Most people that know me as an adult, don’t know my mother. I’m 5’2.5″ tall, my mother is 5’8″. My Mother Is A Giant and I look up to her in many ways.
My mother went back into the workforce and back to school to get her Masters degree when I was 3 yrs old. She set professional goals for herself and has been successful at reaching them. She developed a love for contract bridge and played a few nights a week after work. She spent time taking care of others in the community. I can remember many families she took groceries to or bought furniture for.
Are you thinking “Who raised you”? SHE did. But she did it while teaching me and my sister to care for ourselves and to take care of others. She never told either one of us to get jobs as teenagers, it just came naturally. She never pushed either one of us to go to college; it was just the normal thing to do. She gave advice when we asked for it but gave us room to develop our own character.

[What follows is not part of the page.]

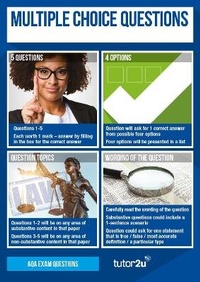 Abbildung von: AQA Question Formats | Classroom Posters for AQA A-Level Law - Tutor2u Limited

WE WERE ON OUR OWN A LOT. BUT SHE ALWAYS HAD OUR BACKS.
As independent as I am, there have been times I’ve needed a soft place to land. That soft place has been (literally) in my mother’s lap. When I’ve had heartache, she’s been there. When I was struggling my last semester of college after a bad car accident, she wrote a paper for me. (shhhh!) When Keith and I had a sick baby and felt helpless, she was there. When Keith was deployed during Christmas time and our girls were small, she helped me make the best of it. The list goes on and on.
Mother’s Day cards celebrate moms who are different than mine. She didn’t kiss boo-boos. She said “Bite the Bullet!” as she poured peroxide over them. She didn’t do my laundry. She taught me how to do it. I could’ve never survived being married to a career military officer along with its deployments if she hadn’t taught me to believe in my own abilities.
I’m a “get it done” kind of person with a strong personality. Those of you who appreciate it can thank my mother.